[Supplied entries]
- Opening Delimiter -

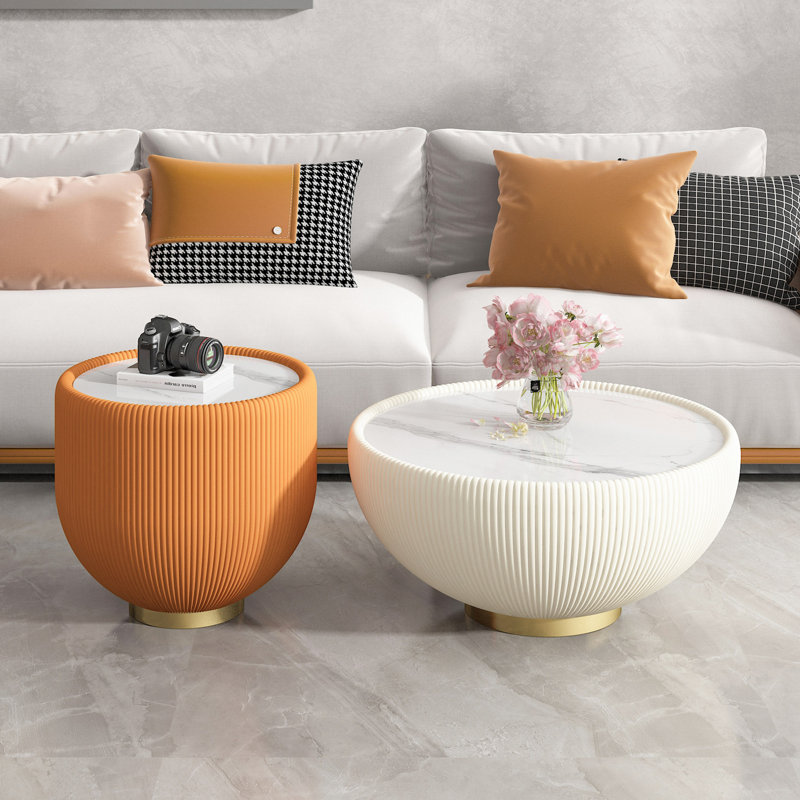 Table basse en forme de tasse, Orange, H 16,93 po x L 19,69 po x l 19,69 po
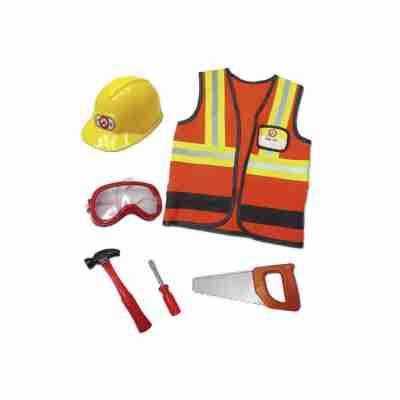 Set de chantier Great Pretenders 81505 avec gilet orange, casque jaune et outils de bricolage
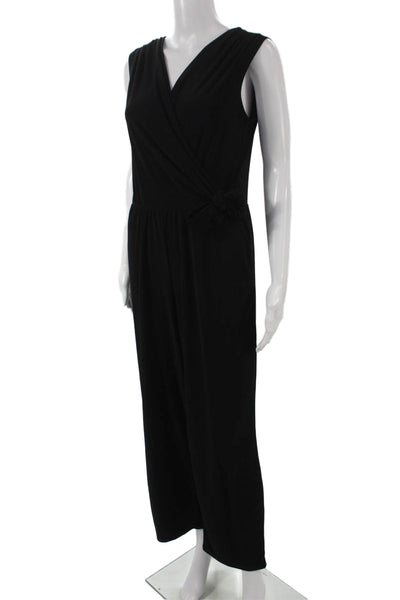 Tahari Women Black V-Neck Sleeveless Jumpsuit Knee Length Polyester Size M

- Closing Delimiter -
- Opening Delimiter -

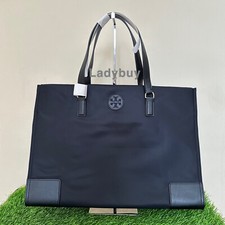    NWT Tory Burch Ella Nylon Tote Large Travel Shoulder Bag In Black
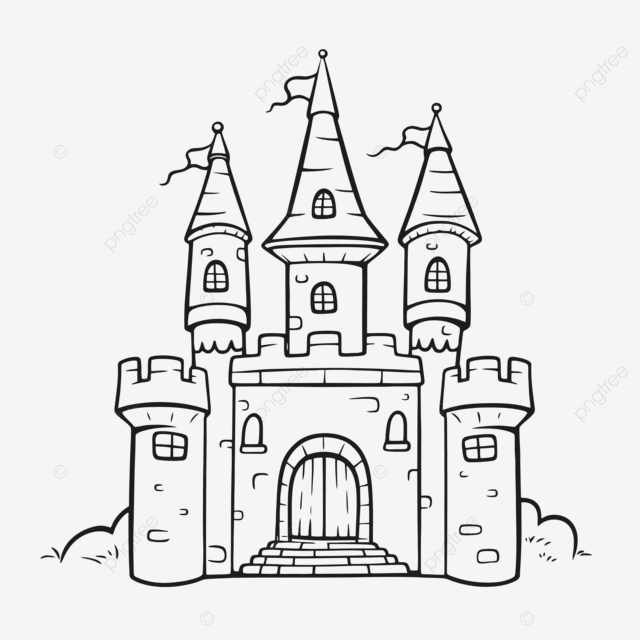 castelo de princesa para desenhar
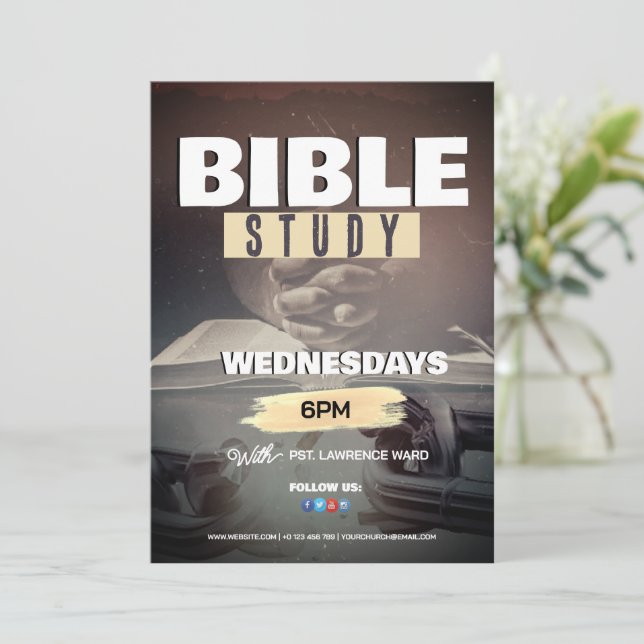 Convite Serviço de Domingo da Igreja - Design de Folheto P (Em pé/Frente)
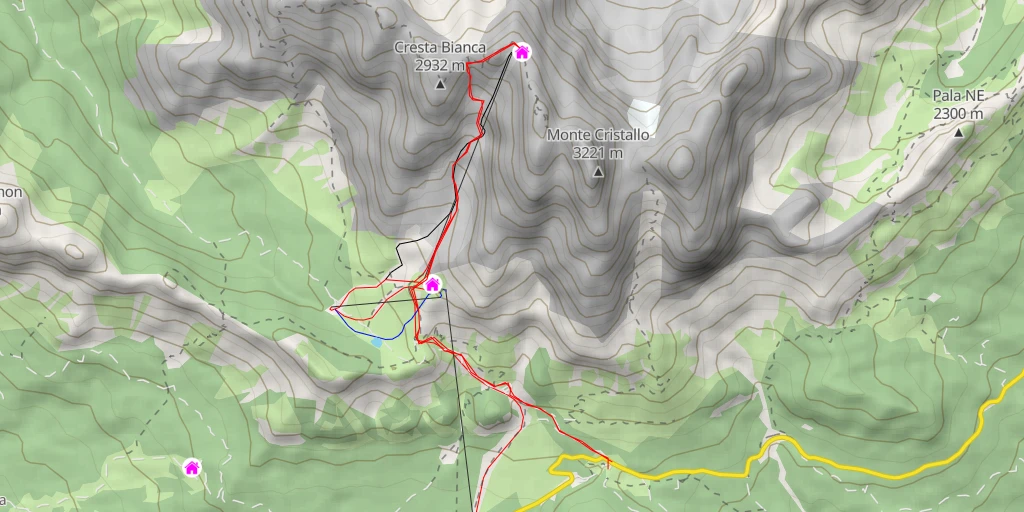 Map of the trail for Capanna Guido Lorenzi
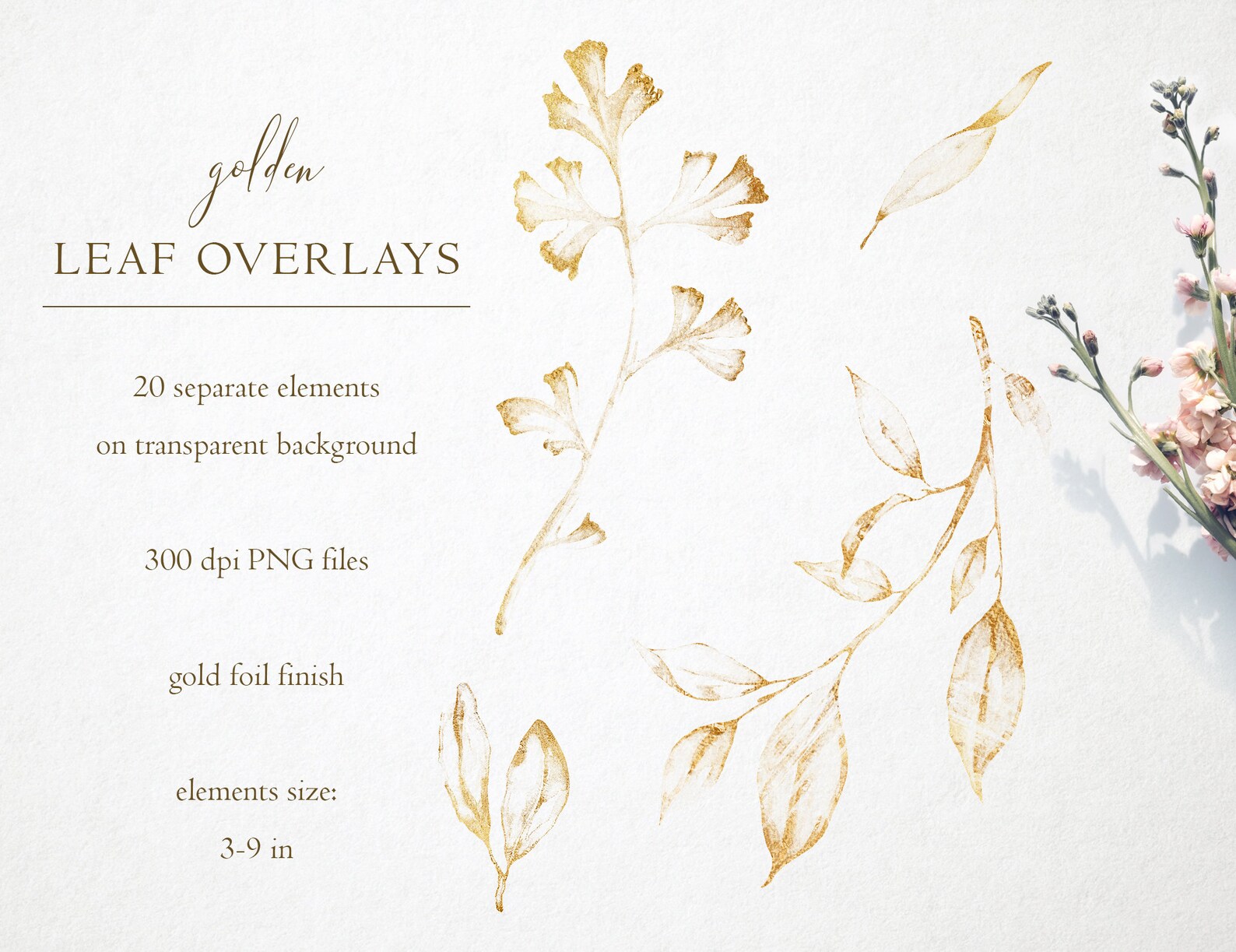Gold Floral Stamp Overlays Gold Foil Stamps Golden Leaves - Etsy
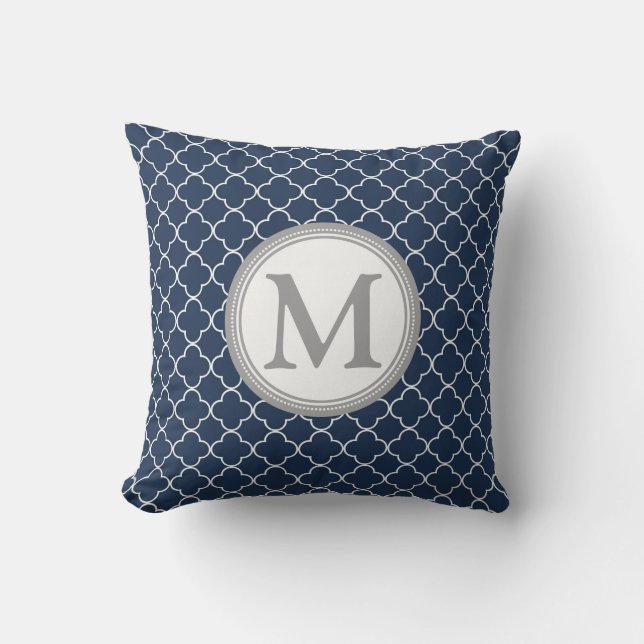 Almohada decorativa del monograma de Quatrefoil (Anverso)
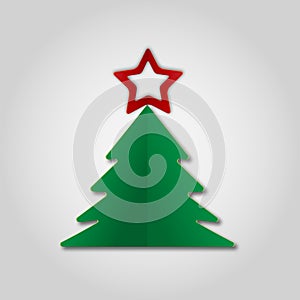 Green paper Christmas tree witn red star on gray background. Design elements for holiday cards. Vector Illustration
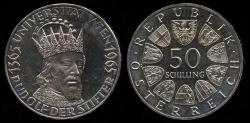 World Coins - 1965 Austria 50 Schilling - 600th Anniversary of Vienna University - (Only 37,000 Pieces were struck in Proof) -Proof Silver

- Closing Delimiter -

[Exercise directions]
Reproduce exactly, with no pictures, the lines above from the one holding "Green paper Christmas" to the one holding "World Coins - 1965", inclusive.

[Response to the exercise]
 Green paper Christmas tree witn red star on gray background. Design elements for holiday cards. Vector Illustration
 World Coins - 1965 Austria 50 Schilling - 600th Anniversary of Vienna University - (Only 37,000 Pieces were struck in Proof) -Proof Silver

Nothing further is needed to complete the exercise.